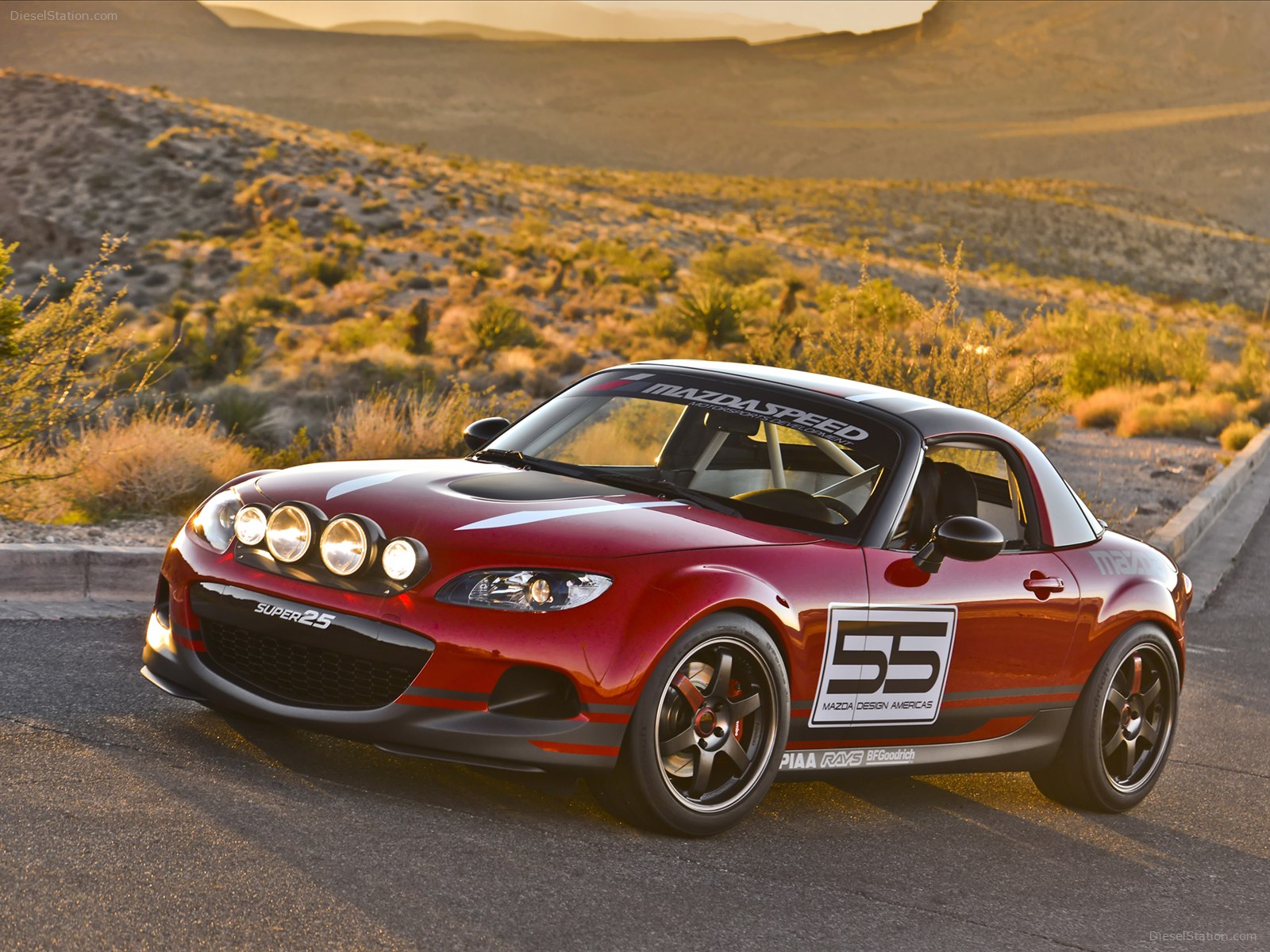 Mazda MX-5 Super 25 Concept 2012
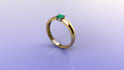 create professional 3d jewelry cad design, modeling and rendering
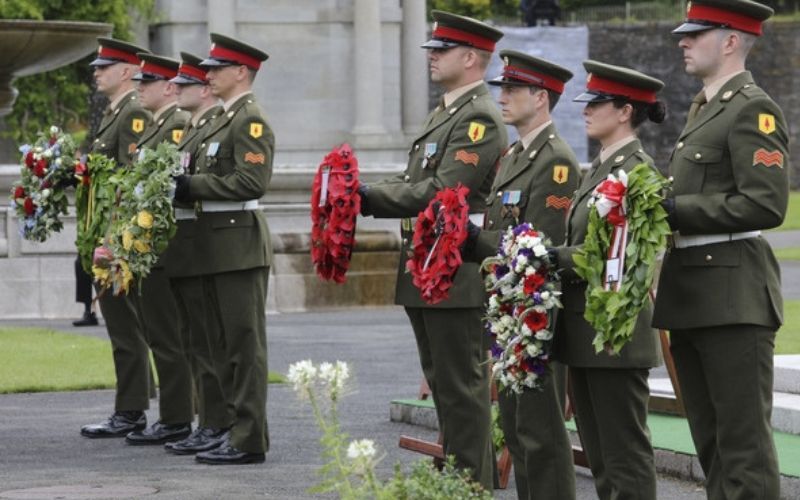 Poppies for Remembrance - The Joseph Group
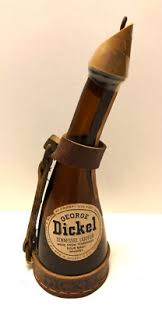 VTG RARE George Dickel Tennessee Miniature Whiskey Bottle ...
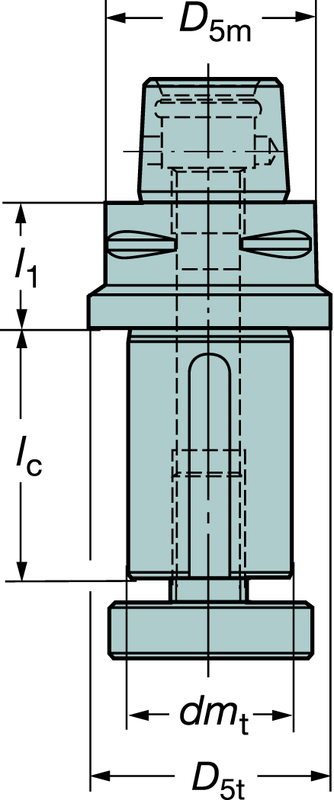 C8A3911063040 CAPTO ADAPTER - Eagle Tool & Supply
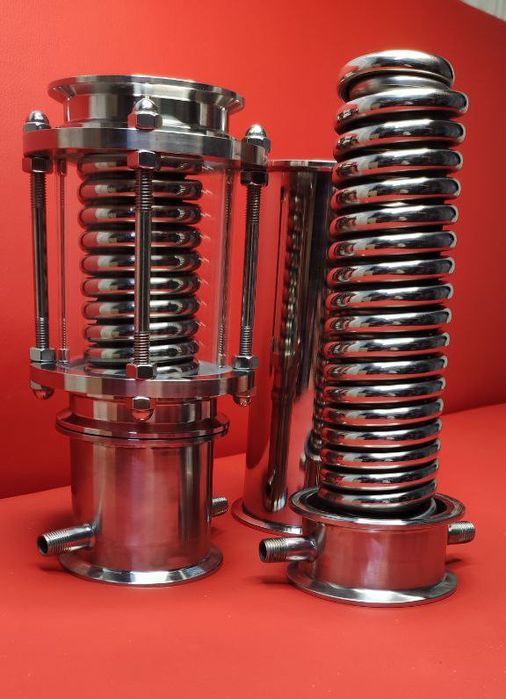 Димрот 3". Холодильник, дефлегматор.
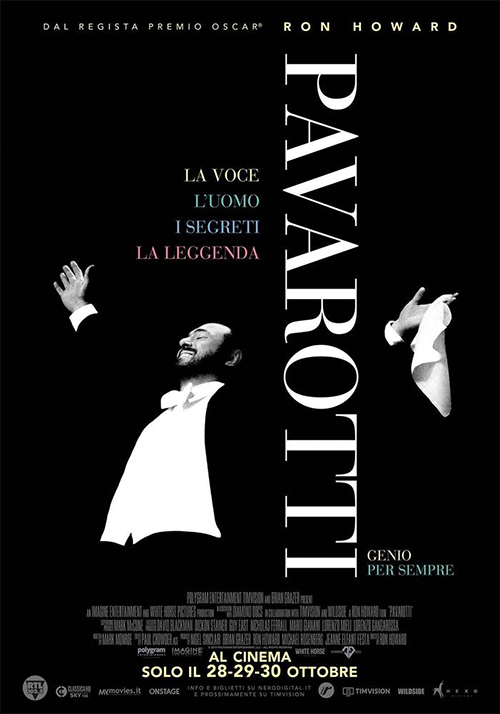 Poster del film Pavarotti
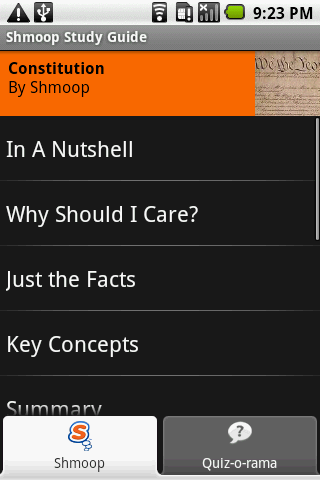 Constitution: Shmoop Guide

════════════════

An exact restatement of every record is required. Omit the images.

 Mazda MX-5 Super 25 Concept 2012
 create professional 3d jewelry cad design, modeling and rendering
 Poppies for Remembrance - The Joseph Group
 VTG RARE George Dickel Tennessee Miniature Whiskey Bottle ...
 C8A3911063040 CAPTO ADAPTER - Eagle Tool & Supply
 Димрот 3". Холодильник, дефлегматор.
 Poster del film Pavarotti
 Constitution: Shmoop Guide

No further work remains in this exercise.